(THE DATA Opens)

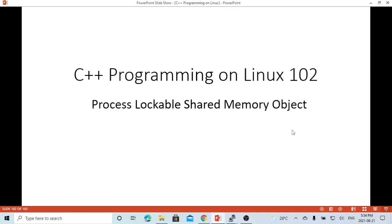Hello, this is Hui. Welcome to watch my video, C++ Programming on Linux. In this short video, we are going to discuss the process lockable shared memory object.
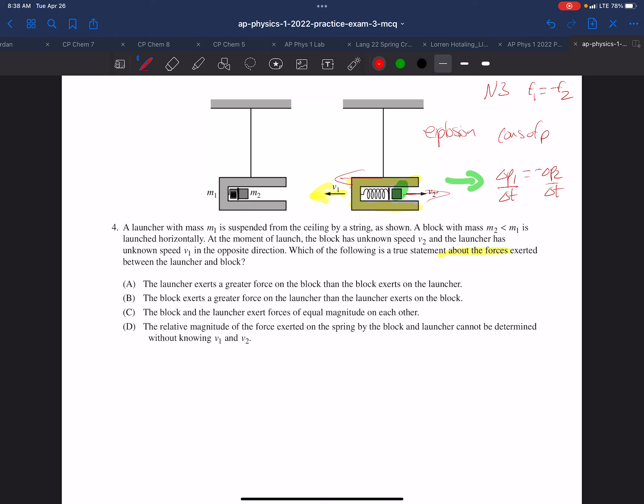The definition of net force is delta p over delta t. So the rates of change of momentum will be equal and opposite to each other, and that's the definition of force. Therefore, the forces will be equal and opposite to each other.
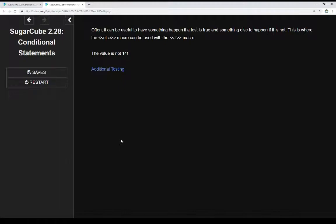We do something if it is IF, something else if it is using the ELSE macro. We see here the value is not 14. When we look at the code this will make more sense, but the ELSE macro allows us that alternative to the IF macro — so if we do this, else we do this.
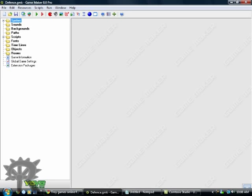Hello and welcome to my GameMaker 8 video tutorial. I'm Robogable for those who don't know me yet. In this video I'll be showing you how to make a simple defense game using GameMaker 8 Pro.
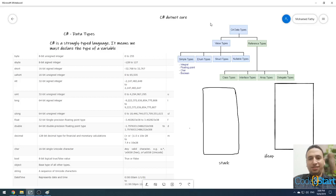Hello and welcome to 'Good to Start' with me Mohammed Fatahi. We are still talking about C# data core today. I am going to talk about C# data types. C# is a strongly typed language, which means we must declare the type of a variable before we can use it.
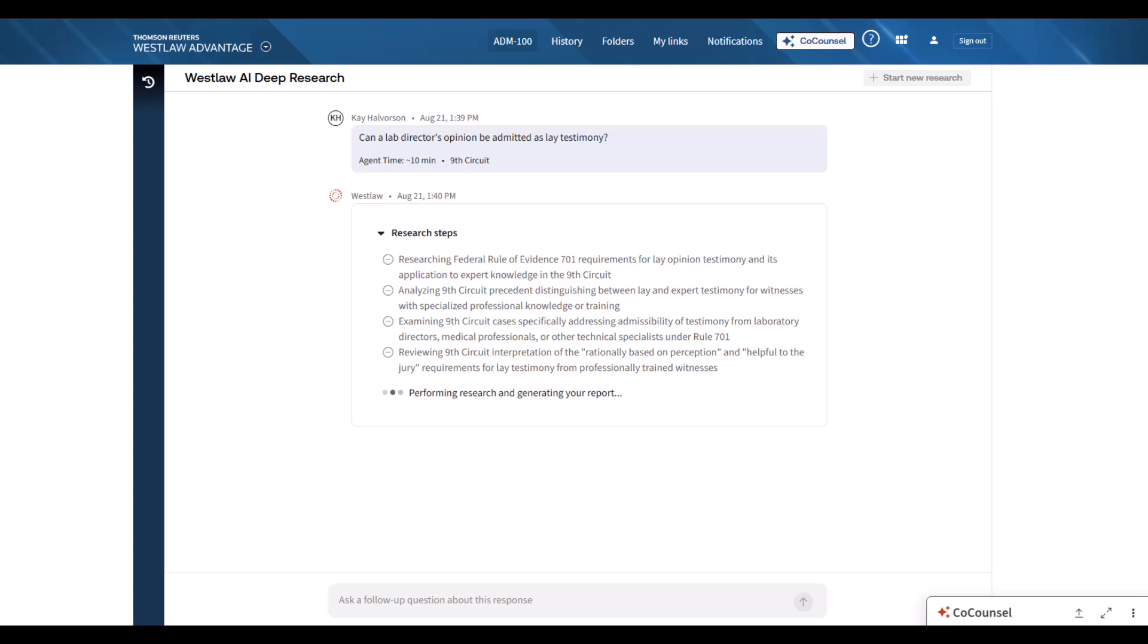Here you see transparency with the multi-step research plan that the agent will adhere to. During the legal discovery process, we will show updates to the plan, including any key findings.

(THE DATA Closes)

_WHAT NEEDS TO BE DONE_
Only the lines from the start of the records to the line with "The definition of net" belong in the copy. Print them exactly, minus pictures.

_EXPECTED ANSWER_
Hello, this is Hui. Welcome to watch my video, C++ Programming on Linux. In this short video, we are going to discuss the process lockable shared memory object.
The definition of net force is delta p over delta t. So the rates of change of momentum will be equal and opposite to each other, and that's the definition of force. Therefore, the forces will be equal and opposite to each other.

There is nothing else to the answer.